3. Con il secondo motivo il ricorrente denuncia la violazione e/o falsa applicazione del D.P.R. n. 115 del 2002, artt. 13 e 14 e del D.Lgs. n. 546 del 1992, art. 12, comma 5, in relazione all’art. 360 c.p.c., comma 1, n. 3), per non aver la CTR considerato che, essendo stato il ricorso originario proposto avverso più atti impositivi, il calcolo del contributo unificato doveva essere effettuato con riferimento ai valori dei singoli atti, anzichè sulla somma dei detti valori.
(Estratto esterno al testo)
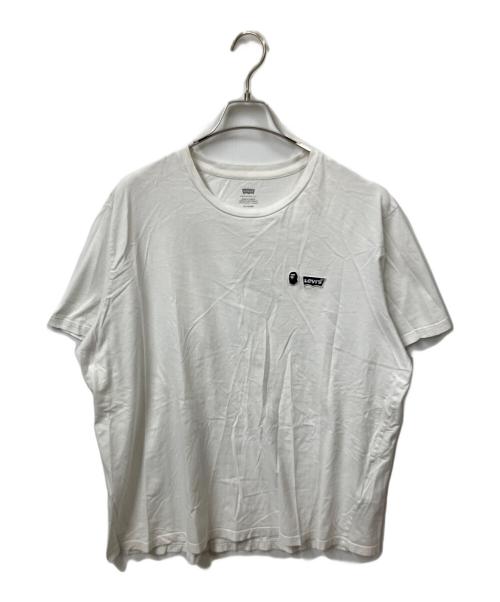 LEVI'S（リーバイス）LEVI'S (リーバイス) A BATHING APE (アベイシングエイプ) Levi's × A BATHING APE. コラボ半袖シャツ ホワイト ホワイト サイズ:ＸＬの古着・服飾アイテム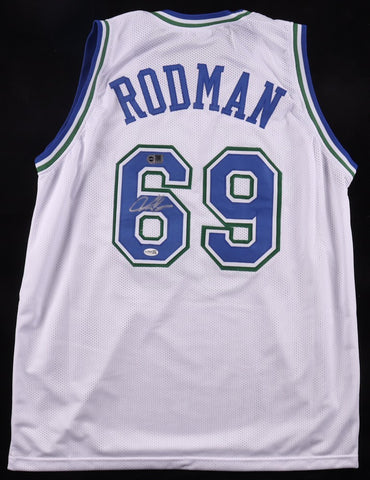 Dennis Rodman Signed Dallas Mavericks Jersey (JSA) The Jersey the NBA Banned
3.1. Il motivo è inammissibile.

Invero, il ricorrente non attinge la ratio decidendi sottesa alla pronuncia impugnata, la quale si sostanzia nell’aver ritenuto che l’atto sulla cui base andava calcolato il contributo unificato doveva essere identificato in quello di concessione delle misure cautelari ai sensi del D.Lgs. n. 472 del 1997, ex art. 22, anzichè nei quattro avvisi di accertamento sulla cui base il primo atto era stato messo.

Il Ministero, invece, invocando il D.Lgs. n. 546 del 1992, art. 12, comma 5, ha sostenuto, dapprima (pag. 10 del ricorso), che per valore della lite dovesse intendersi l’importo del tributo al netto degli interessi e delle eventuali sanzioni irrogate e, poi (pagg. 10 ss.), richiamando la Dir. n. 2/DGT dell’Agenzia e la L. n. 147 del 2013, art. 1, comma 598, lett. a), che il calcolo del contributo unificato debba essere effettuato, in caso di ricorso cumulativo avverso più atti, con riferimento al valore uti singuli degli stessi (nell’ambito del rispettivo scaglione di riferimento), anzichè sulla loro somma.
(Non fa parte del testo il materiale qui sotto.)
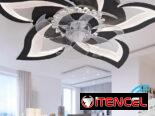 Lámpara de techo con ventilador y control remoto comunícate con Pedro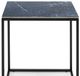Natuzzi Editions Cabaret Blue Precious Sodalite Square Accent Table with Matte Coffee Base-1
Nella fattispecie in esame, tuttavia, il ricorrente non ha contestato specificamente l’affermazione della CTR secondo cui oggetto del giudizio impugnatorio, con riferimento al quale occorreva calcolare il contributo unificato, era l’atto di concessione delle misure cautelari ai sensi del D.Lgs. n. 472 del 1997, art. 22 e non i quattro avvisi di accertamento sulla cui base (inteso come antecedente causale) il primo atto era stato messo.

4. In definitiva, il ricorso non merita accoglimento.

P.Q.M.

Le spese del presente giudizio seguono la soccombenza e si liquidano come da dispositivo.

Così deciso in Roma, nella camera di consiglio della V Sezione civile della Corte Suprema di Cassazione, il 5 marzo 2020.